■ **Exercise brief**
The span to be transcribed begins with the line that contains "Prédio >=T10 Venda" and ends with the last line of the listing; copy it exactly and include nothing else.

■ **Information supplied**
★ ★ ★
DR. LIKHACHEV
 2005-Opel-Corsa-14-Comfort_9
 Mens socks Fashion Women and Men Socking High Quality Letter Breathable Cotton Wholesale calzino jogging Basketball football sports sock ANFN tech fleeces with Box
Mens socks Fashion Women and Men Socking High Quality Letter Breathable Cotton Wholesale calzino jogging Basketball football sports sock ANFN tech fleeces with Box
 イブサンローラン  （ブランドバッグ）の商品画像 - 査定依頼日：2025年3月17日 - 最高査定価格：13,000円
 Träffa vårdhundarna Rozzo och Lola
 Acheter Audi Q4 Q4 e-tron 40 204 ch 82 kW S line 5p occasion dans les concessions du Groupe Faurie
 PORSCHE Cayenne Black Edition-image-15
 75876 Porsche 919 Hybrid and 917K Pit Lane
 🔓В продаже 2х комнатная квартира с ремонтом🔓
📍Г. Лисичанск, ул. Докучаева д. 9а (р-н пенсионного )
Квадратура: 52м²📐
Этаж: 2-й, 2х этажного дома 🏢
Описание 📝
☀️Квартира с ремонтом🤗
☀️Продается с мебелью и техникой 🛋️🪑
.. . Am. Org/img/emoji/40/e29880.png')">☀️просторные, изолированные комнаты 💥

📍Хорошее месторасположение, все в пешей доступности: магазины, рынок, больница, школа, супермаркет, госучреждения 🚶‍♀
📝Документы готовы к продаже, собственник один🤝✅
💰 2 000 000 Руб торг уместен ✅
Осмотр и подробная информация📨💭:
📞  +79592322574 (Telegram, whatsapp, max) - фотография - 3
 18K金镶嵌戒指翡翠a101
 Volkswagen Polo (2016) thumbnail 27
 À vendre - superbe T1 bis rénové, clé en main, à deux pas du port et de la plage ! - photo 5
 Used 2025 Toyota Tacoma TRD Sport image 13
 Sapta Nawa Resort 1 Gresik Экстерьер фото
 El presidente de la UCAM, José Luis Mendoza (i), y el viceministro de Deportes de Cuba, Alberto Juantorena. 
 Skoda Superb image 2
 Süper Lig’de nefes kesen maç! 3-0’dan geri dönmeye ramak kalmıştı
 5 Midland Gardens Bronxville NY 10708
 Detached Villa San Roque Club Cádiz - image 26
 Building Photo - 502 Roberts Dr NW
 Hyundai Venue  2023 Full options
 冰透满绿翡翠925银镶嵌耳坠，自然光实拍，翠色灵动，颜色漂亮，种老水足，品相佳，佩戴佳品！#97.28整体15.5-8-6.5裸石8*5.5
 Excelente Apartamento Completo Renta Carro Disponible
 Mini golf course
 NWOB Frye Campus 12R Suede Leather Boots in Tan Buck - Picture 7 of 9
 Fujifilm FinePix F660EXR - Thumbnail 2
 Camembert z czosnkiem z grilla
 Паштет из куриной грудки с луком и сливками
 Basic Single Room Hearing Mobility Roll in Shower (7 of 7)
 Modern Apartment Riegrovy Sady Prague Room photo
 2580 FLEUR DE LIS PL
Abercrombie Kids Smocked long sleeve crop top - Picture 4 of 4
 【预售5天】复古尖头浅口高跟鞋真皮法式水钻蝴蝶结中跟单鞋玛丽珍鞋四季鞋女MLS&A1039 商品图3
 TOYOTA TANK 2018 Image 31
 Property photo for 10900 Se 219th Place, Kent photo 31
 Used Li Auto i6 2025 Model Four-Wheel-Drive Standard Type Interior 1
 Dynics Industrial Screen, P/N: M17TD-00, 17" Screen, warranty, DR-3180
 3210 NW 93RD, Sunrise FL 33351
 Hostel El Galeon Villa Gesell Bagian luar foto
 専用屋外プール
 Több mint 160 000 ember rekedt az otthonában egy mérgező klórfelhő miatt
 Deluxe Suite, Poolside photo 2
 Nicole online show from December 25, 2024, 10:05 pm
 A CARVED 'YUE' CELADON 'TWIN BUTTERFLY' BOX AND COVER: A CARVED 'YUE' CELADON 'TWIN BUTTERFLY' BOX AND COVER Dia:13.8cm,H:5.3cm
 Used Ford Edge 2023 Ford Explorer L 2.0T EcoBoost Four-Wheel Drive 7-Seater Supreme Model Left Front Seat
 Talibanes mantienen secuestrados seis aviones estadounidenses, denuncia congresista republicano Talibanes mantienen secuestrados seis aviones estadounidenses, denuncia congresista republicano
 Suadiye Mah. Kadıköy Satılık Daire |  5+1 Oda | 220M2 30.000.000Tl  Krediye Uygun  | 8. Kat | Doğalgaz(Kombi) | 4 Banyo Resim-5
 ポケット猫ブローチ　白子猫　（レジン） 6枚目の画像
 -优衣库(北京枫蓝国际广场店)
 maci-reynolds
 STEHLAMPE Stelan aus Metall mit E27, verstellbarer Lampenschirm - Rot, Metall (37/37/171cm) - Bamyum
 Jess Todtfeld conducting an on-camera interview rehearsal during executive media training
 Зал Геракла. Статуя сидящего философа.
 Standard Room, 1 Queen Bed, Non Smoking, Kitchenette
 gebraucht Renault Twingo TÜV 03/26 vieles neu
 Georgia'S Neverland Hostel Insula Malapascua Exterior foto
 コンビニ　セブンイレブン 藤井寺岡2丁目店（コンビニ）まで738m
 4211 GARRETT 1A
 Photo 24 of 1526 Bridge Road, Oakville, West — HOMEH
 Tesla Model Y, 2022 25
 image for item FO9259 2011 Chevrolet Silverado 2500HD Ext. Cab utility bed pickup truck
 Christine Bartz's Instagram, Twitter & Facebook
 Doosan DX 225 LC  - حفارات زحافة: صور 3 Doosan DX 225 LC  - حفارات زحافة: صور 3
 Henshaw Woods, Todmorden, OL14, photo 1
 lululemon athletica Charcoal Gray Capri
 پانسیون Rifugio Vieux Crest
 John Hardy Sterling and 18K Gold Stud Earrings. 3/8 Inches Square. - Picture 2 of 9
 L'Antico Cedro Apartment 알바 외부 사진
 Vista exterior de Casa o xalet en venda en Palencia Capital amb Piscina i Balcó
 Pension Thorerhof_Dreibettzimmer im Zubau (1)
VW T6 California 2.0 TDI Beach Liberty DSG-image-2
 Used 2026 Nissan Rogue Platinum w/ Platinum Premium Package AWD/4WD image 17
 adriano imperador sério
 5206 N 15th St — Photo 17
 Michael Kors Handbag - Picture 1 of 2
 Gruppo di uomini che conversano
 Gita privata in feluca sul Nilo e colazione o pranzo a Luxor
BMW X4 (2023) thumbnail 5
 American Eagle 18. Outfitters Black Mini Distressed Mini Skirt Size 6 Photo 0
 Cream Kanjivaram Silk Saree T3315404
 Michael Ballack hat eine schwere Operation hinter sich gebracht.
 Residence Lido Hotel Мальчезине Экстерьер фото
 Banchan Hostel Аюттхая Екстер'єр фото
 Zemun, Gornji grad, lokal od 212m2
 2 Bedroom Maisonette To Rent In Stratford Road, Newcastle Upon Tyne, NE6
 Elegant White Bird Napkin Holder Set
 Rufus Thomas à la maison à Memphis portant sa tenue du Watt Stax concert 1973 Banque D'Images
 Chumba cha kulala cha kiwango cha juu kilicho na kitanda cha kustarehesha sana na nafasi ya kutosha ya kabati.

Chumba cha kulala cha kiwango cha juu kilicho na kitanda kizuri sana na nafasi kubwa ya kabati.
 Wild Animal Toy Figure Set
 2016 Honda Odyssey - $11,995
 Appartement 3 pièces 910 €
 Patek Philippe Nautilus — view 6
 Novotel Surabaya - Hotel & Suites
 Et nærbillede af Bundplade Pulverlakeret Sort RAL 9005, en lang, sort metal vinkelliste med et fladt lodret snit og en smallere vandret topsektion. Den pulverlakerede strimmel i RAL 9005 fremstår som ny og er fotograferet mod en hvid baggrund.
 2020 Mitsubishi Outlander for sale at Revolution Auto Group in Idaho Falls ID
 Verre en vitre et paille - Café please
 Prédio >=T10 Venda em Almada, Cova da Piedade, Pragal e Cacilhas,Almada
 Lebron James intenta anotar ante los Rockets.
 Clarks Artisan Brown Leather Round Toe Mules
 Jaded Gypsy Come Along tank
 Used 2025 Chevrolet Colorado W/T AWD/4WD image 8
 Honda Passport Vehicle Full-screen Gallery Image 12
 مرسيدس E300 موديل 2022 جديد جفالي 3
★ ★ ★
■ **Result for this task**
 Prédio >=T10 Venda em Almada, Cova da Piedade, Pragal e Cacilhas,Almada
 Lebron James intenta anotar ante los Rockets.
 Clarks Artisan Brown Leather Round Toe Mules
 Jaded Gypsy Come Along tank
 Used 2025 Chevrolet Colorado W/T AWD/4WD image 8
 Honda Passport Vehicle Full-screen Gallery Image 12
 مرسيدس E300 موديل 2022 جديد جفالي 3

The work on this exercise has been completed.